Hey, algorithm designers and parallel processing enthusiasts! We know that the demand for computational power is ever-increasing, pushing the limits of single-processor speeds. The answer? Parallelism! But simply throwing more processors at a problem isn't enough. We need to fundamentally rethink how we design algorithms to make them thrive in a parallel environment.

This is where the Design and Analysis of Parallel Algorithms comes in. It's the art and science of creating procedures that can be executed concurrently on multiple processing units, and understanding their performance characteristics. We'll explore different models of parallel computers, fundamental techniques for parallelizing tasks, and look at how common computational problems are tackled in a parallel fashion.

Ready to think in parallel? Let's begin!

Part 1: Understanding Parallel Architectures – The Playground for Algorithms ️

Before designing parallel algorithms, we need to understand the types of parallel computers they'll run on.

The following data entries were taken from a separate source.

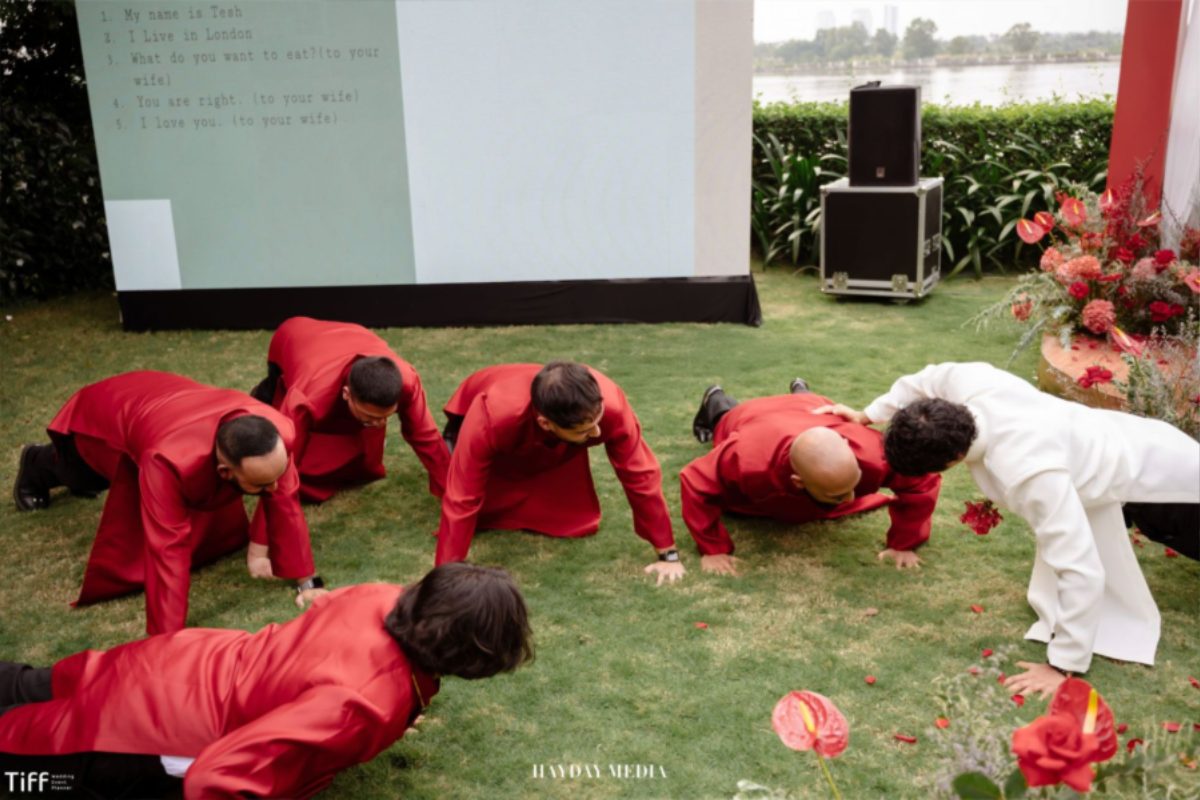 Trò chơi tìm vỏ sò trong tiệc cưới bãi biển. (Ảnh: TIFF.vn) 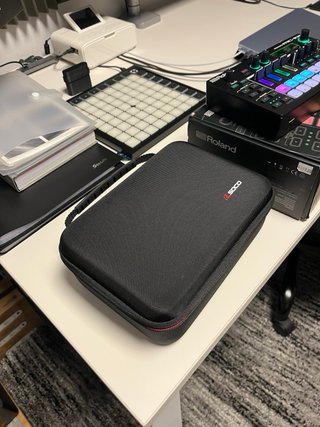 Roland MC-101 + Estuche SOCO + SD (Groovebox)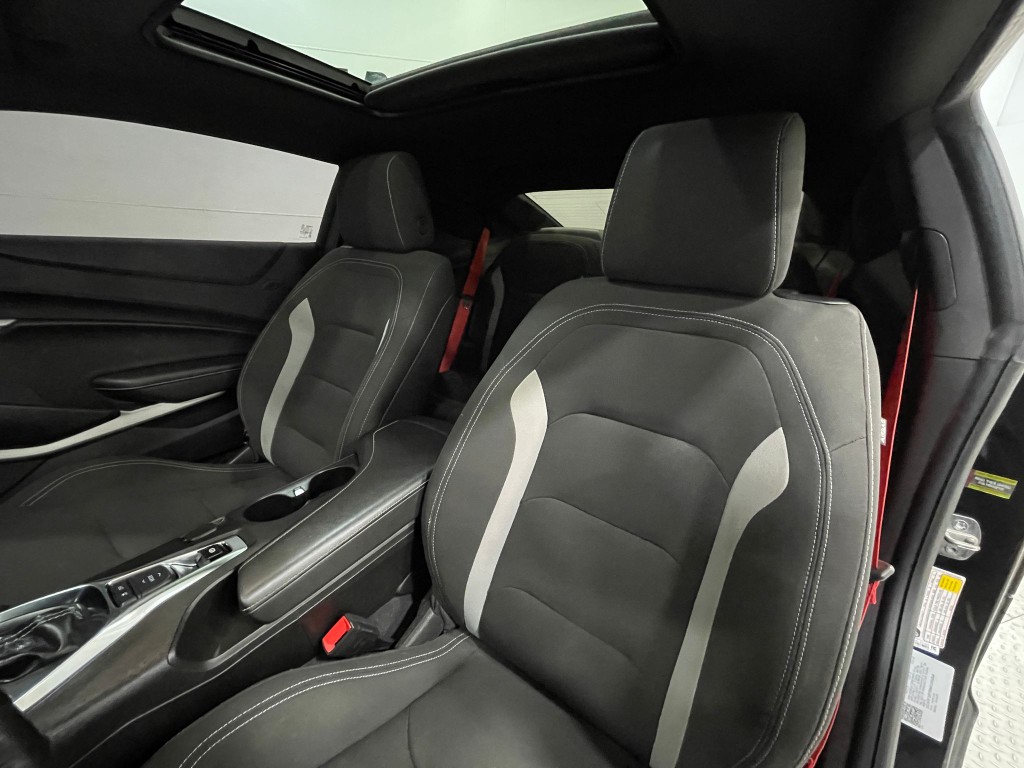 2022 Chevrolet Camaro Image 12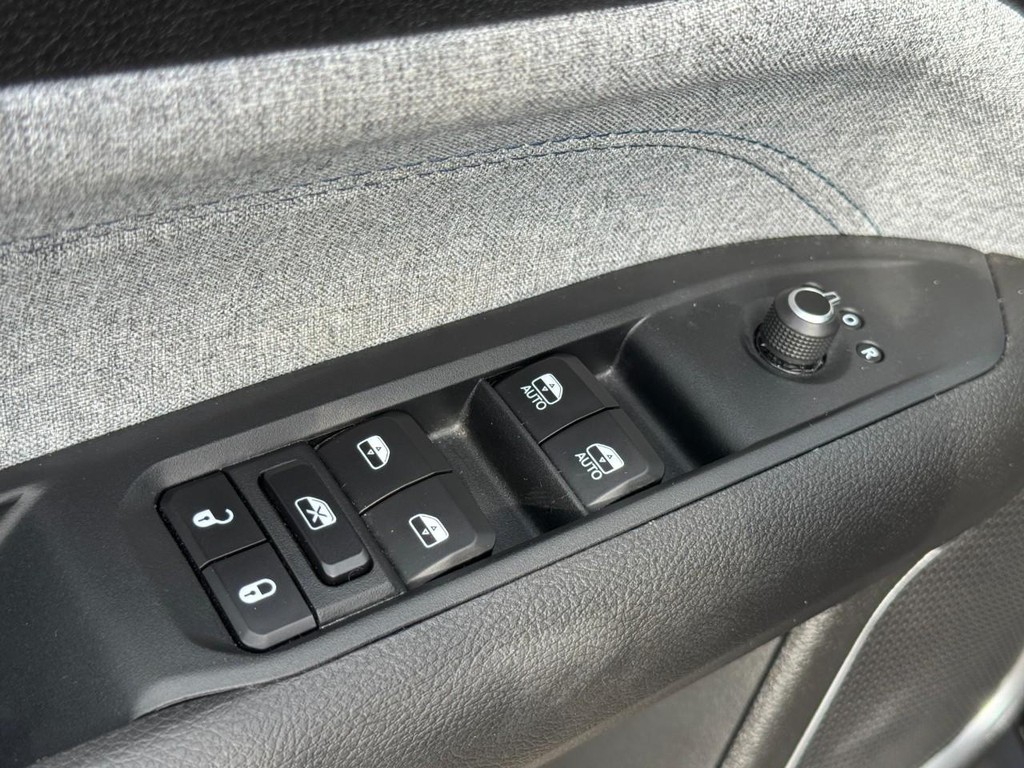 Jeep Compass Vehicle Full-screen Gallery Image 23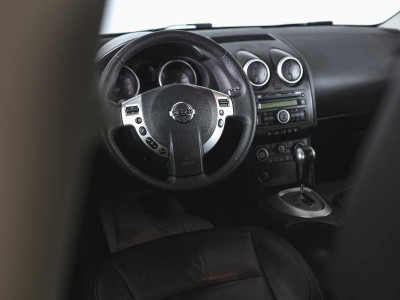 Nissan Qashqai 2.0 CVT FWD (140 л. с.)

Introduction to Parallel Computers: These systems employ multiple processors to execute parts of a program simultaneously. The architecture significantly influences algorithm design.
SIMD (Single Instruction, Multiple Data): A class of parallel computers where a single control unit dispatches the same instruction to multiple processing elements (PEs), each of which operates on a different data item. Think of a drill sergeant yelling one command, and the whole platoon executes it on their own piece of equipment.
- EREW (Exclusive Read, Exclusive Write) SIMD: Processors can read from or write to a shared memory location, but not simultaneously to the same location. This is the most restrictive PRAM (Parallel Random Access Machine) model.
- CREW (Concurrent Read, Exclusive Write) SIMD: Multiple processors can read the same memory location concurrently, but writes to a location must be exclusive. A more powerful PRAM model than EREW.
- SM-SIMD (Shared Memory SIMD): Refers to SIMD machines where PEs communicate through a shared memory. The PRAM models (EREW, CREW, CRCW) are theoretical SM-SIMD models.
Tree and Mesh Interconnection Computers: Specific network topologies for connecting processors in SIMD or MIMD machines.
- Tree: Processors are connected in a tree structure. Good for algorithms involving divide-and-conquer or broadcast/reduction operations.
- Mesh: Processors are arranged in a grid (2D or 3D). Each processor is connected to its nearest neighbors. Suited for problems with local data dependencies (e.g., image processing, solving PDEs).
Classifying MIMD (Multiple Instruction, Multiple Data) Algorithms: In MIMD systems, each processor can execute different instructions on different data independently.
- Shared Memory MIMD (Multiprocessors): Processors communicate via shared memory (e.g., multi-core CPUs). Algorithms often involve threads, locks, and semaphores.
- Distributed Memory MIMD (Multicomputers): Processors have their own private memory and communicate by explicit message passing over a network (e.g., clusters, supercomputers using MPI).
Hypercube SIMD Model: A specific SIMD architecture where N = $2^k$ processors are interconnected like the vertices of a k-dimensional hypercube. Each processor is connected to $k$ neighbors. Offers good connectivity and low diameter.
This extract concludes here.